Первые симптомы ее недуга проявились уже в пять или шесть лет. Как-то после представления я вернулся домой поздно и застал ее на лестнице, она стояла в одной ночной рубашке и что-то говорила. До сих пор, как вспомню ее такой, мурашки ползут по коже. Глаза широко открыты, лицо не выражает ровным счетом ничего: настоящая восковая кукла. Она говорила тихим, лишенным интонации голосом оракула. Я смог лишь разобрать что-то о сове и луне. Мне показалось, что она как сомнамбула повторяет стихотворение или слова детской песенки. Взял ее за плечи, развернул и проводил в комнату. Обычно именно такие как она восприимчивы к странным аурам, но запах тогда заметил я. Запах того, чем она страдала, страдает до сих пор, запах болезни, я уверен в этом. Ничего особенного: просто затхлый, тягуче-унылый ненавязчивый дух, словно от грязных волос или забытого в ящике несвежего белья. Я узнал его. Мой покойный дядя, который умер, когда я еще не вышел из детского возраста, так что я едва помню его, играл на аккордеоне, не снимал шляпу даже дома и ходил с костылем. От него исходил такой же запах. Костыль был старомодным: грубая деревяшка с поперечиной наверху, обернутой пропитавшейся потом тканью; место, где рука обхватывала дерево, отполировано частым прикосновением так, что напоминала серый шелк.
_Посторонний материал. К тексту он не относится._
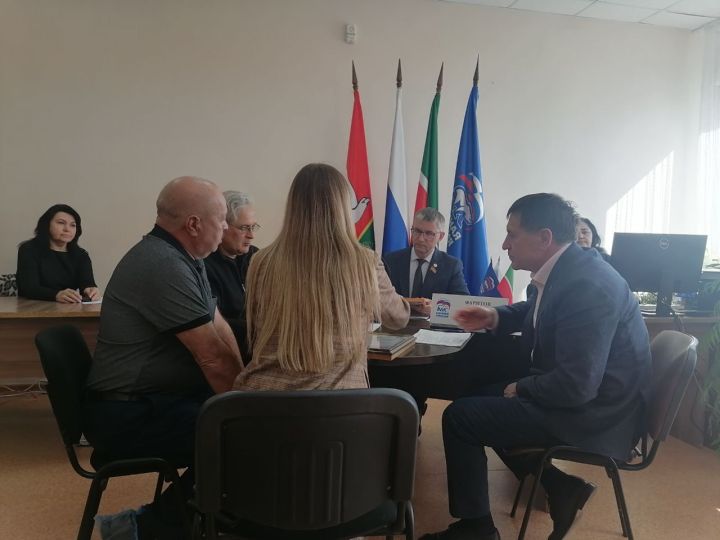Прием граждан в Азнакаевском местном отделении партии «Единая Россия»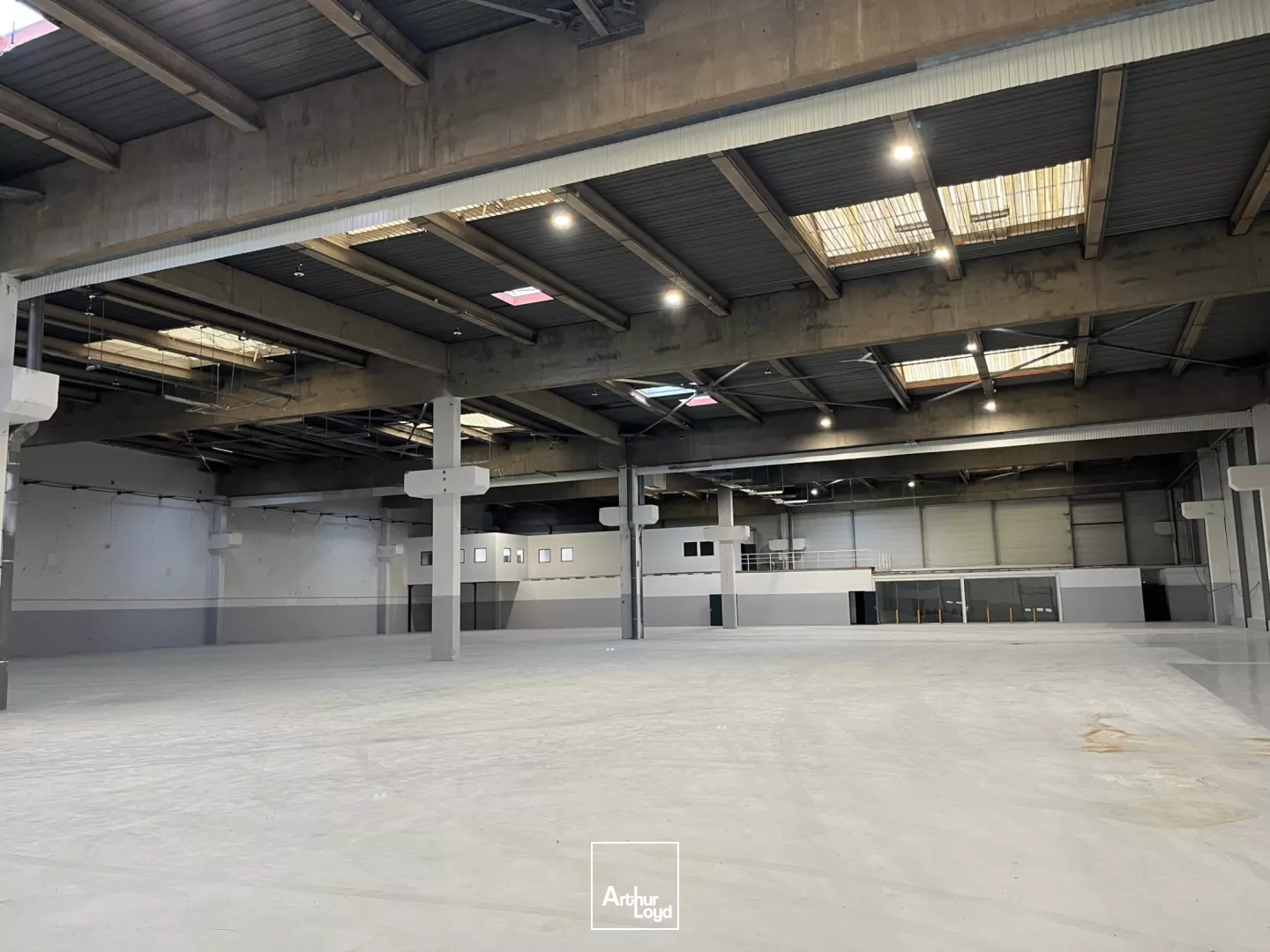 Entrepôt de 4000 m² sur terrain privatif à ST OUEN L'AUMONE.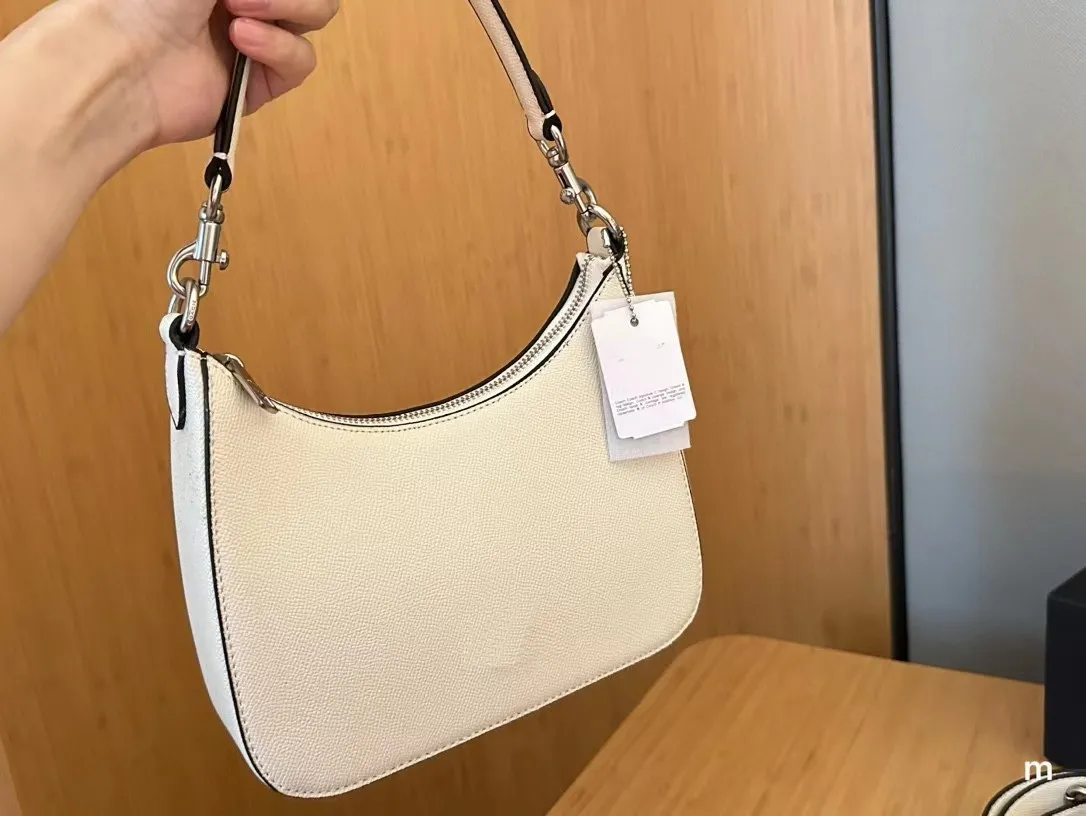 DHgate.com:Crescent Crossbody Bag, Chain Hobo Shoulder Bag DHgate.com:Crescent Crossbody Bag, Chain Hobo Shoulder Bag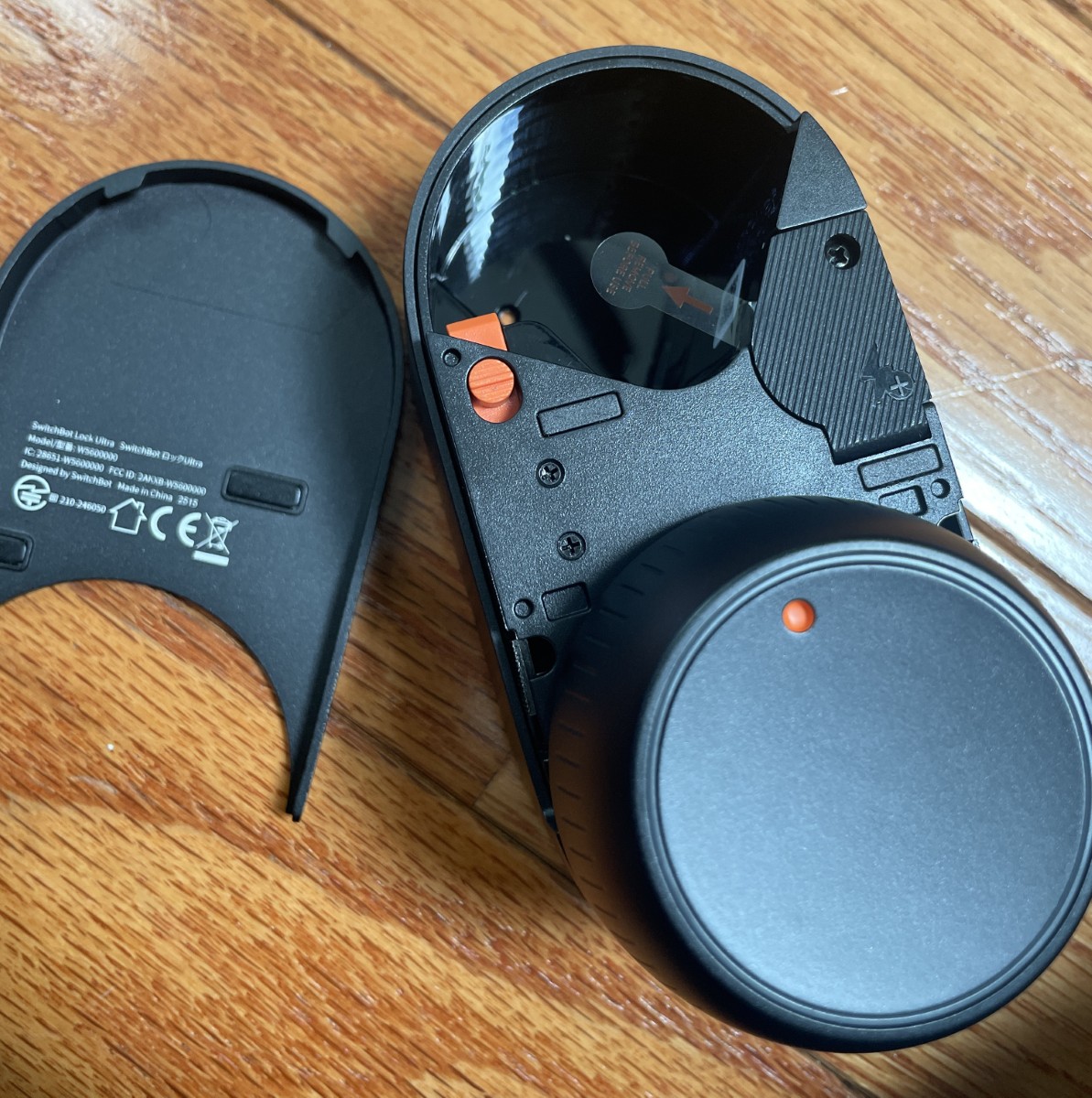 SwitchBot Lock Ultra and Keypad Vision Combo 18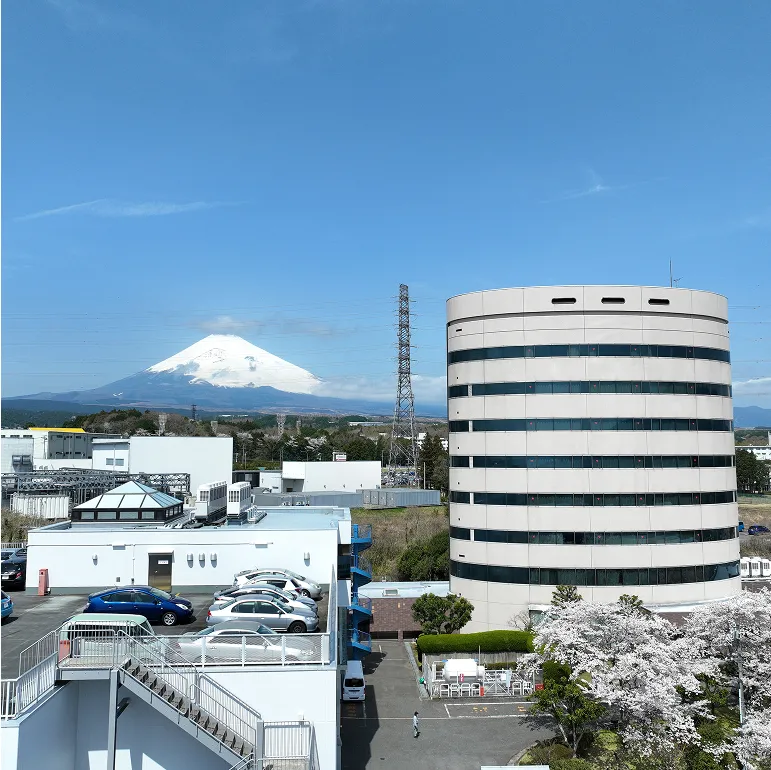 東富士センター（本社）の外観
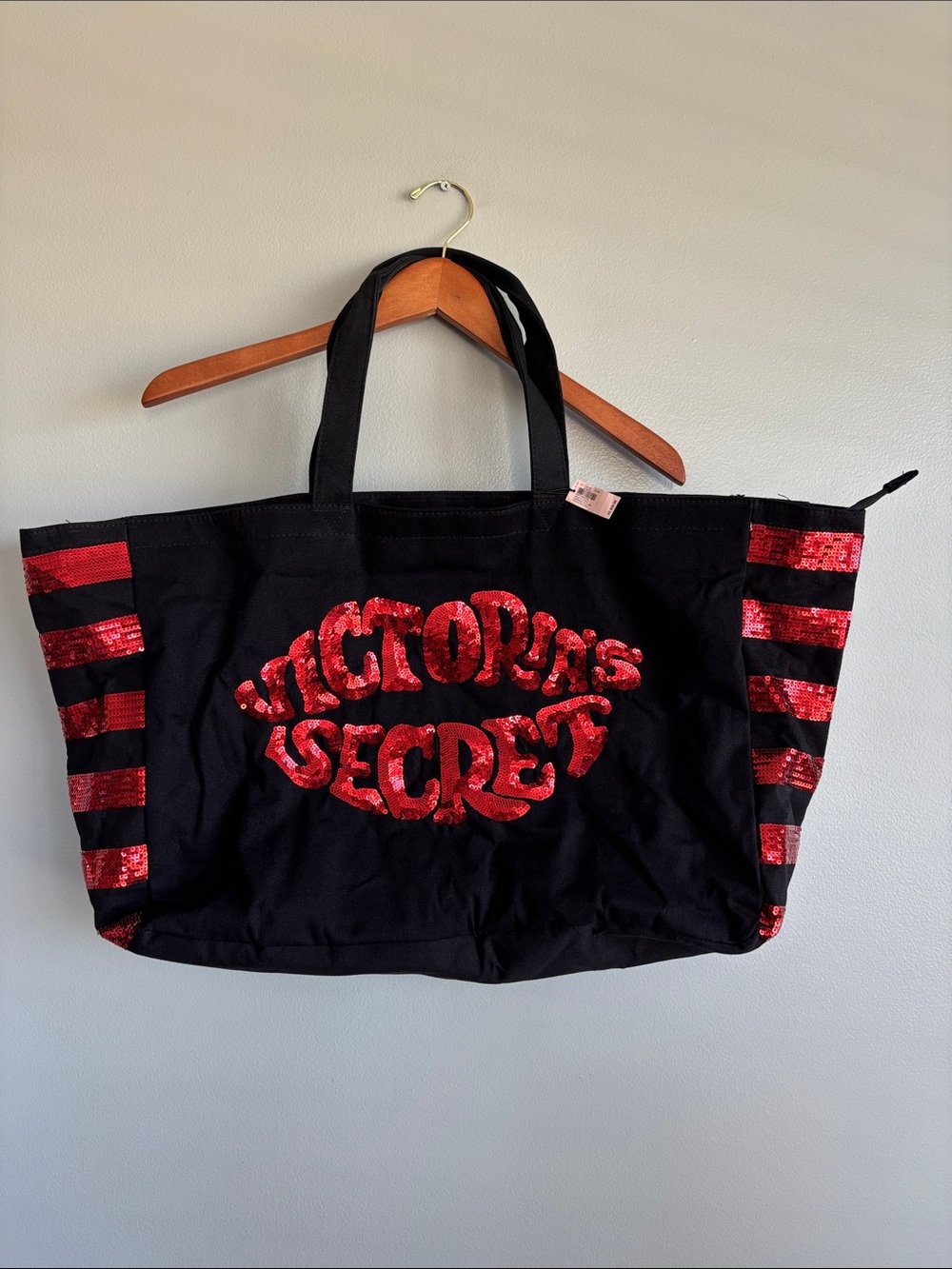 NWT Victoria's Secret Black and Red Sequin Lips / Stripe Weekender Tote Bag 18x6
Я думал тогда, что воняет костыль, но теперь этот запах кажется мне приметой самой болезни. В свете ночника комната Касс выглядела идеально аккуратной, убранной с маниакальной тщательностью, как впрочем, всегда, — в нашей дочери есть что-то от монахини, — и все же мое растревоженное сердце чувствовало, что здесь царит безумный хаос. Я уложил ее в постель, а она все бормотала, глядя на меня пустыми глазами, вцепившись в меня так, словно я не мог ее удержать от падения в бездонный черный омут глубокой ночью под ивой. В дверях за моей спиной сонная Лидия, запустив руку в волосы, желала знать, что тут происходит. Я присел на край узенькой кровати, все еще сжимая холодные руки Касс. Мой взгляд скользил по игрушкам на полках, по абажуру, оклеенному выгоревшими переводными картинками; на обоях прыгали и смеялись герои мультфильмов. Я почувствовал, как мрак вокруг пещерки, созданной светом ночника, густеет и надвигается на нас, словно сказочный людоед. В окно над кроватью заглядывала кривая злорадная луна. Я поднял глаза, и, кажется, она с чудовищным, знающим видом многозначительно подмигнула мне. Голос Касс шелестел как пыль, которая падает на иссохшую землю.